Establish a core disaster recovery team
Implementing a disaster recovery plan is stressful. Individuals on the DR team should be able to lead under pressure and remain calm while delivering results.
After the team members have been identified, each individual should be cross-trained. In an instance where the entire team cannot make it on-site to implement the recovery strategy, the rest of the team should be able to continue to operate efficiently.
During DR testing, establish scenarios and goals
When testing DR plans, set specific goals for the team in order to evaluate effectiveness – examples include beating a set response time or implementing the plan with zero errors.
In addition, create realistic scenarios to provide for the team. Painting a realistic picture of the problems that could potentially occur help DR team members understand how to respond appropriately in different situations.

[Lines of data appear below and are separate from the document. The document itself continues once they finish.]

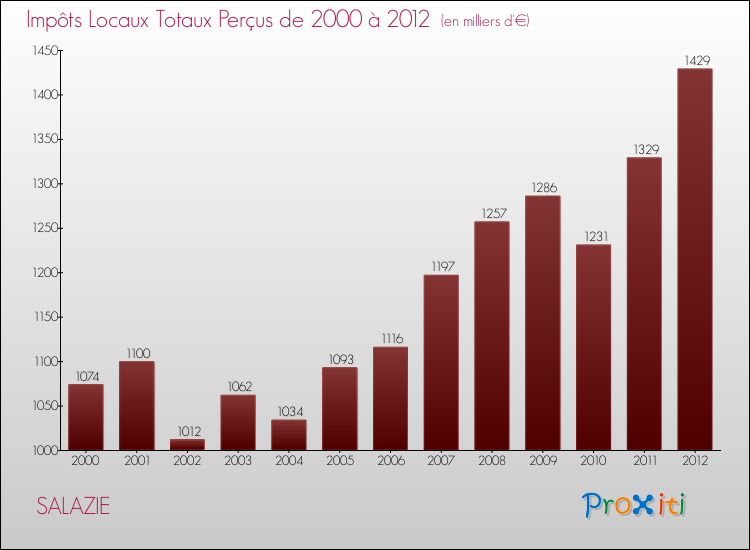 Evolution des Impôts Locaux pour la commune de SALAZIE de 2000 à 2012 Evolution des Impôts Locaux pour SALAZIE de 2000 à 2012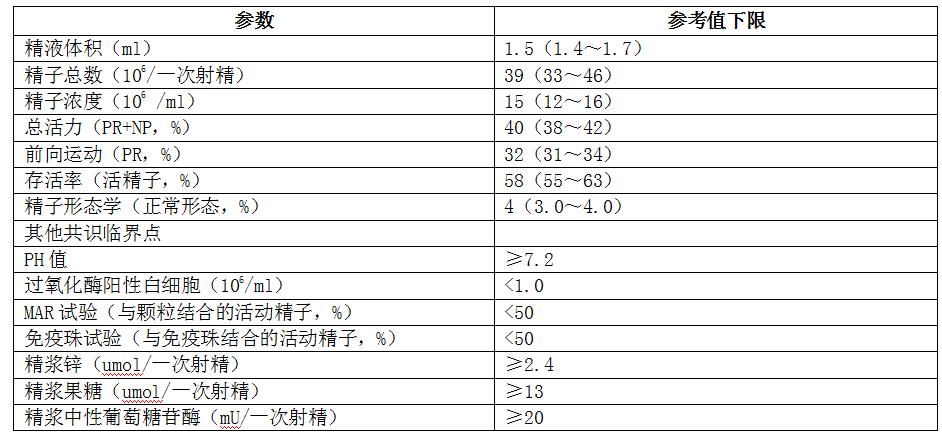 最新版不育症(精索静脉曲张)中医诊疗方案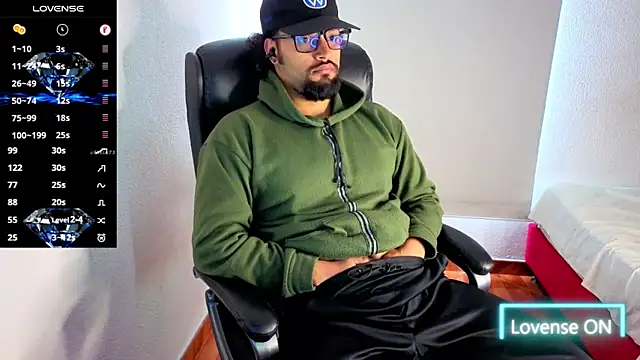 Ernesto-Rodriguez82 online show from January 15, 1:48 pm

Involve business stakeholders in DR strategy and testing
Stakeholders should always be aware anytime scheduled downtime will occur. They can also provide a unique point of view by providing feedback as services are restored.
After a test is complete, report the success back to the stakeholders. They’ll appreciate seeing the return on the investment in DR planning – and they’ll know what to expect if ever a true disaster strikes.
Practice makes perfect. Learn from mistakes – and keep testing
The goal of DR testing is to understand how to implement a recovery plan during a real disaster. If the tests don’t run as planned, it gives the organization the opportunity to make changes and perfect the process.
DR plans should be tested once per year, at minimum. The more frequently tests are run, the more likely a plan will be implemented without error in a real disaster.